Le déclenchement simultané de la musique et du spectacle lumineux dans le pavillon fut appelé Polytope de Montréal. Par la suite, « le spectacle en lui-même n’était plus opérationnel, mais les câbles, une architecture en forme de cônes, est restée sur place jusqu’à ce que cela devienne un casino au début des années 1990. Lors de la construction d’escaliers roulants, l’installation de Xenakis a été démantelée et apparemment, personne n’y a trouvé à redire, ni au Québec ni en France, tout comme personne n’a prévenu Xenakis, qui était encore de ce monde. »

Anne-Sylvie Barthel-Calvet a tenté de savoir ce qu’est devenu le Polytope lors de ses recherches pour la rédaction d’un ouvrage à paraître sur le compositeur.

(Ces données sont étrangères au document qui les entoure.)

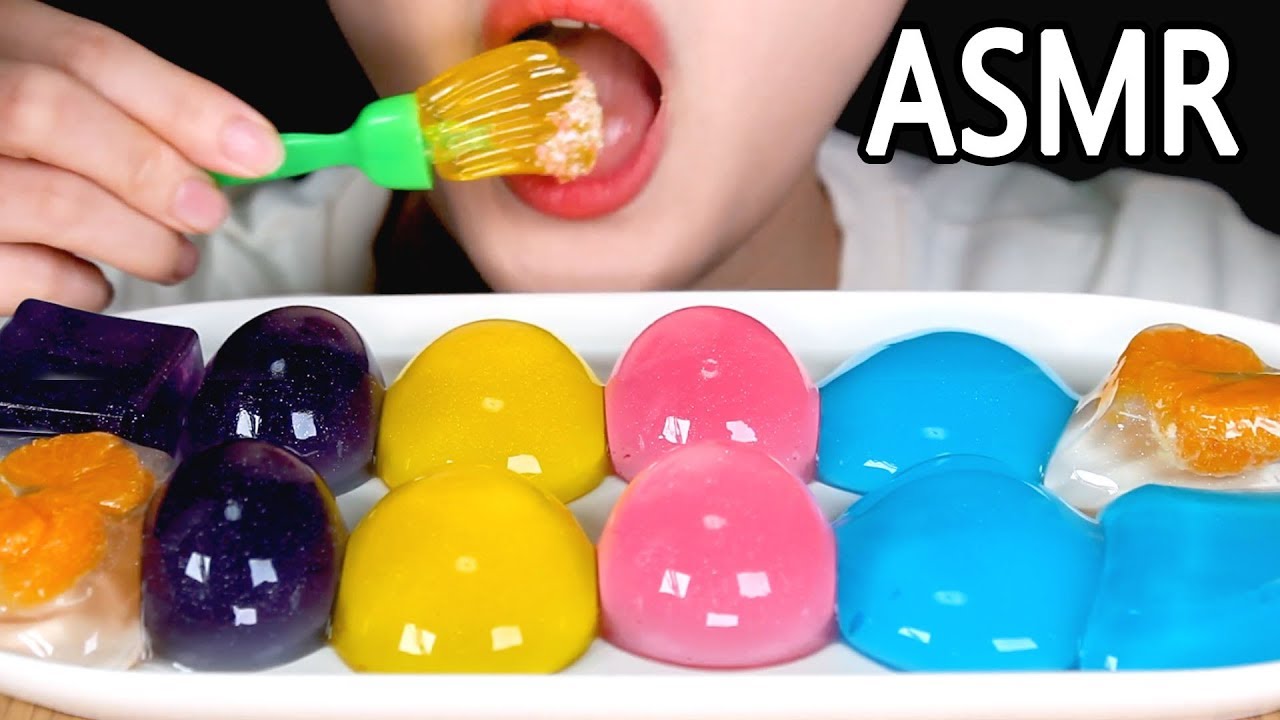 ASMR EDIBLE GLITTER JELLY EATING SOUNDS 식용 반짝이 젤리 咀嚼音 食用輝くゼリーを食べる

Sans succès.

En concert cette semaine

L’OSM rode sa tournée européenne, mercredi 12 et jeudi 13, avec Rafael Payare, à la Maison symphonique à 19 h 30.
 

Louis Lortie entreprend ce qu’il reste de son cycle Beethoven entamé en 2020, jeudi 13, à la salle Bourgie à 19 h 30.
 

Le Quatuor Molinari fête ses 25 ans, vendredi 14, au Conservatoire à 19 h 30.